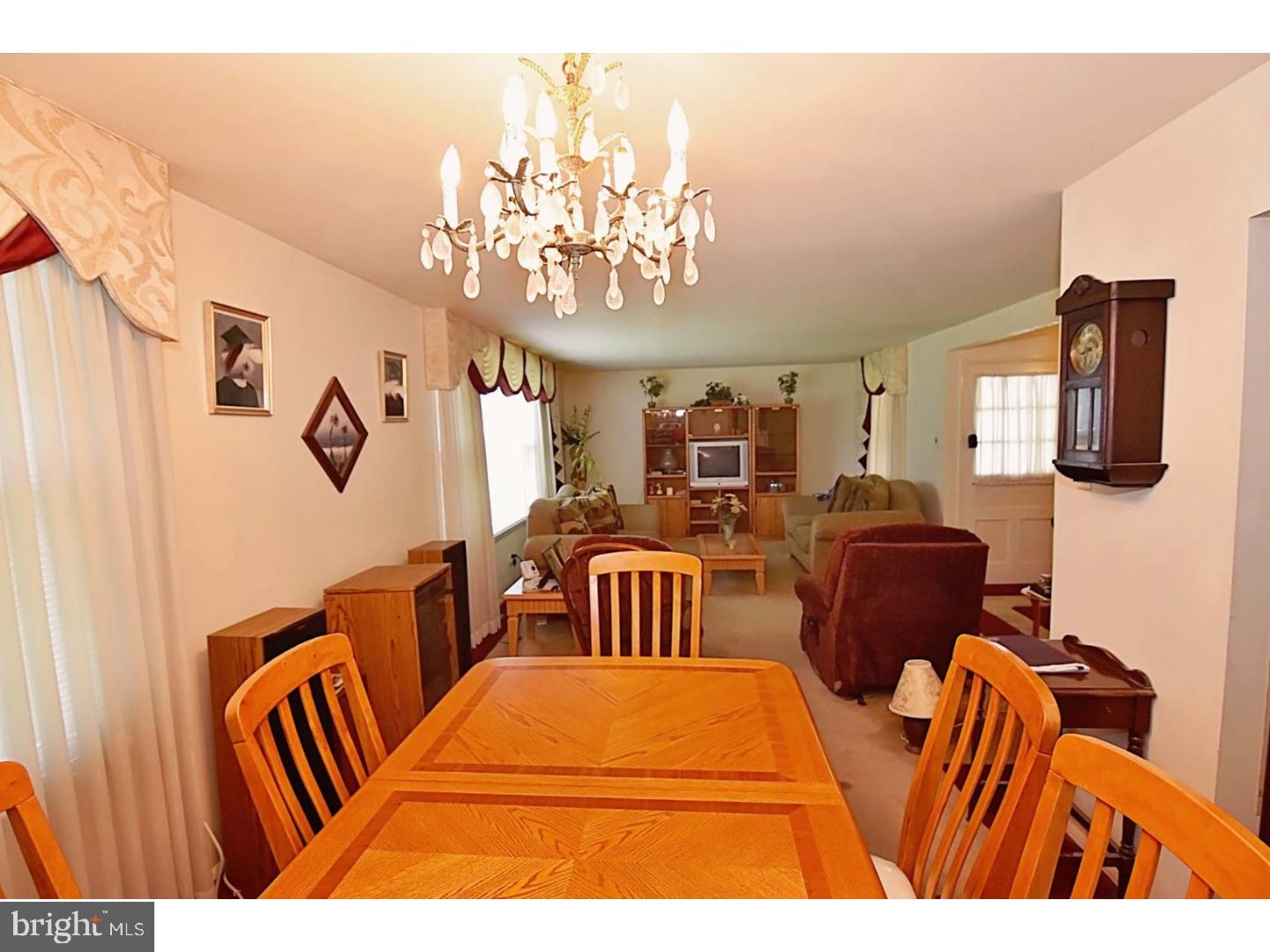 1131 Layton Road Philadelphia, PA 19115 - Photo 8 of 24 a bedroom with furniture and wooden floor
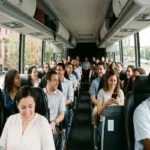 A diverse group of passengers smiling and socializing inside a spacious, modern charter bus driving past Brooklyn brownstones.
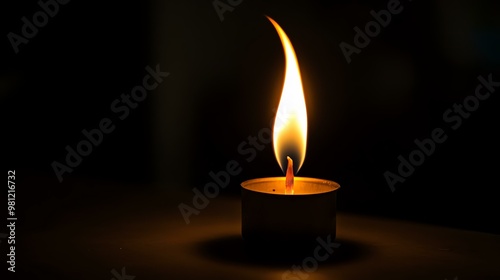 A solitary candle flame glowing softly in a dark environment, creating a serene and tranquil atmosphere.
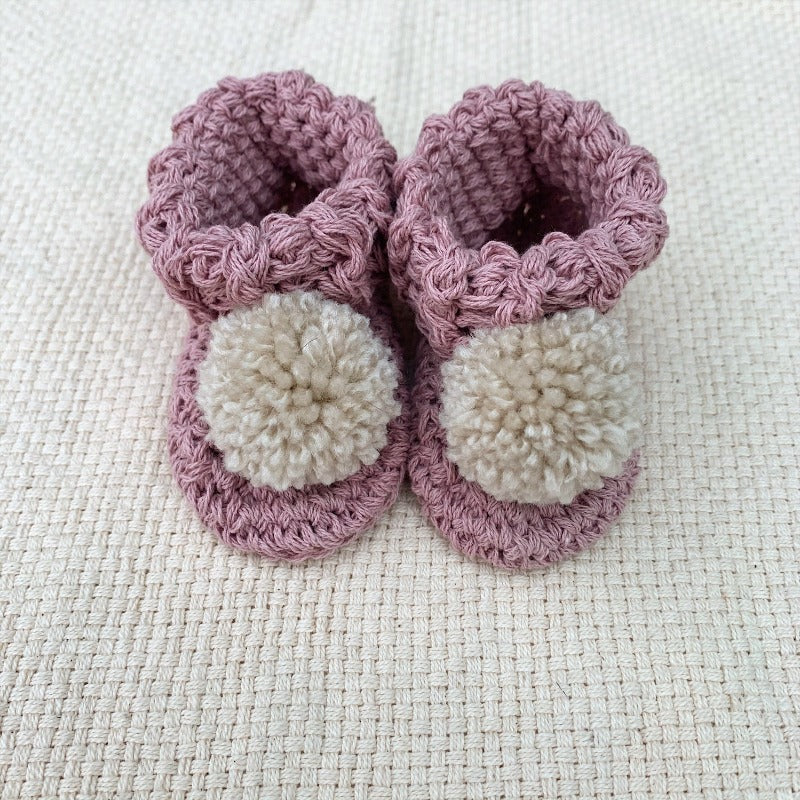 image shows a pair of pink organic cotton baby booties
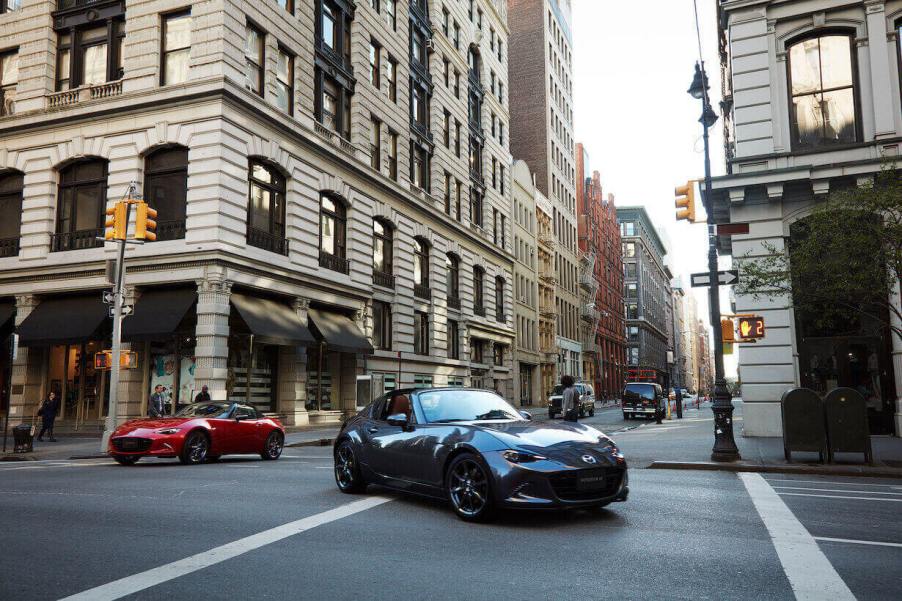 A gray Mazda MX-5 Miata turning on a city street in front of some buildings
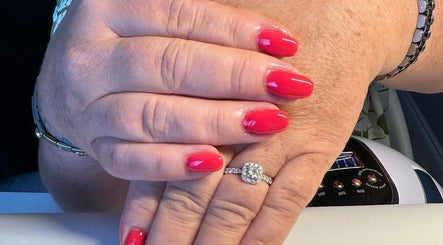 Freshly manicured red nails at Bella Beauty & Nails, Banbridge, Northern Ireland, GB, showcasing elegant style.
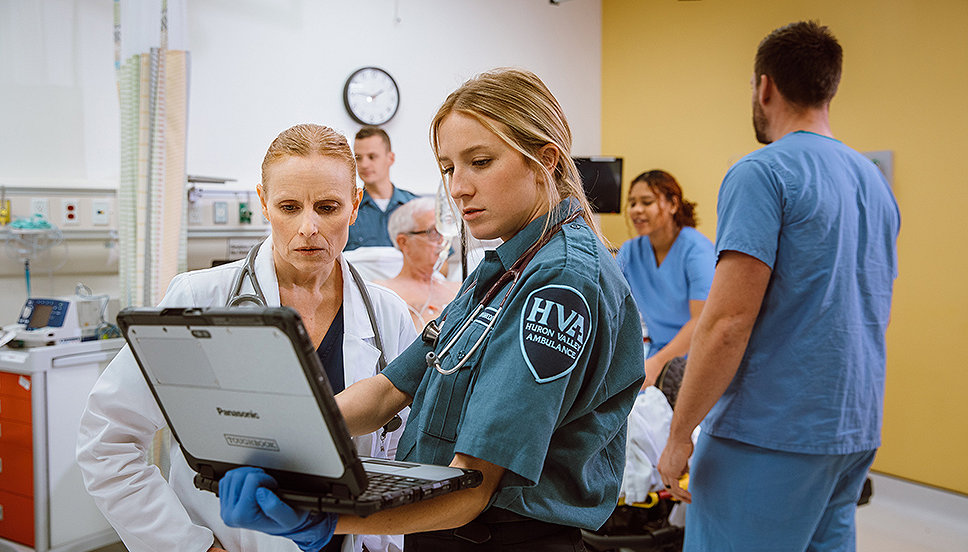 An EMT reviews patient data with a doctor while the patient and nurses on in the background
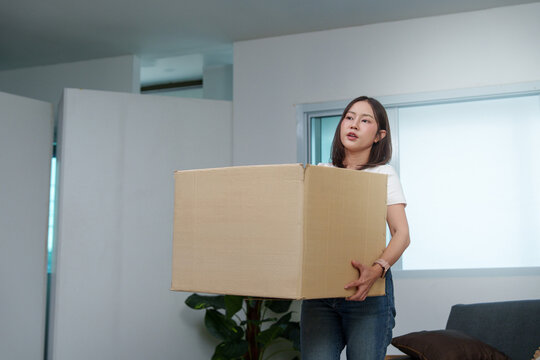 Asian woman lifting heavy cardboard box for home moving or delivery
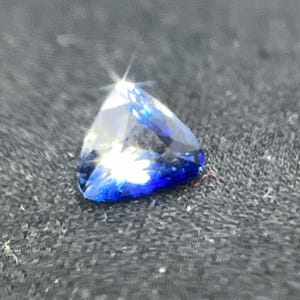 Op de afbeelding: Een driehoekige edelsteen met een briljante slijpvorm, met een kleurengradatie van helder tot diepblauw. De edelsteen is geplaatst tegen een donkere, getextureerde achtergrond, die de facetten en de glans benadrukt. De vorm van de edelsteen doet denken aan een driehoek.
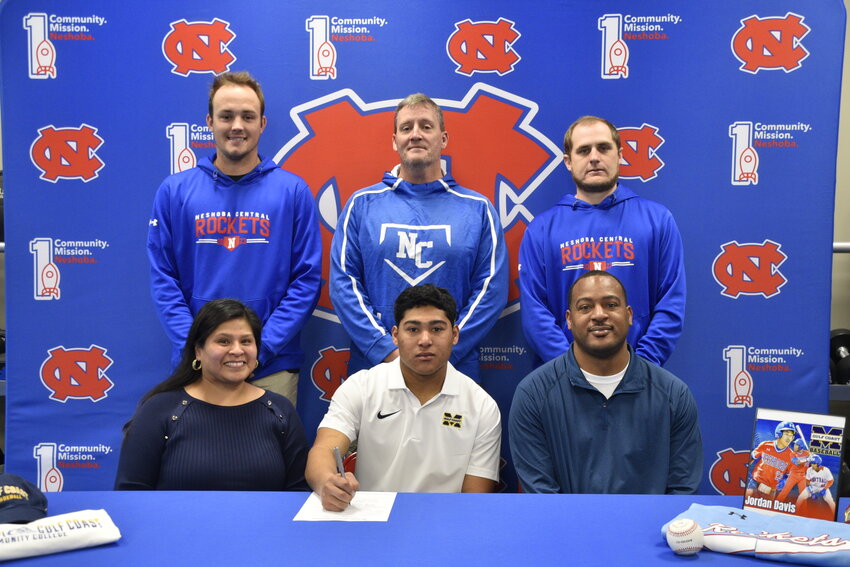Pictured seated, from left, are his mom, Rhea Thomas, Jordan Davis, and his dad, Tywon Davis. (Back) Assistant Coach Tanner Jones, Head Coach Jonathan Jones, and Assistant Coach Kip Fulton.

ASSIGNED TASK ::
The lines to repeat run from the line containing "Freshly manicured red" through the end of the listing above, both included; give them exactly and without pictures.

RESPONSE BOX ::
 Freshly manicured red nails at Bella Beauty & Nails, Banbridge, Northern Ireland, GB, showcasing elegant style.
 An EMT reviews patient data with a doctor while the patient and nurses on in the background
 Asian woman lifting heavy cardboard box for home moving or delivery
 Op de afbeelding: Een driehoekige edelsteen met een briljante slijpvorm, met een kleurengradatie van helder tot diepblauw. De edelsteen is geplaatst tegen een donkere, getextureerde achtergrond, die de facetten en de glans benadrukt. De vorm van de edelsteen doet denken aan een driehoek.
Pictured seated, from left, are his mom, Rhea Thomas, Jordan Davis, and his dad, Tywon Davis. (Back) Assistant Coach Tanner Jones, Head Coach Jonathan Jones, and Assistant Coach Kip Fulton.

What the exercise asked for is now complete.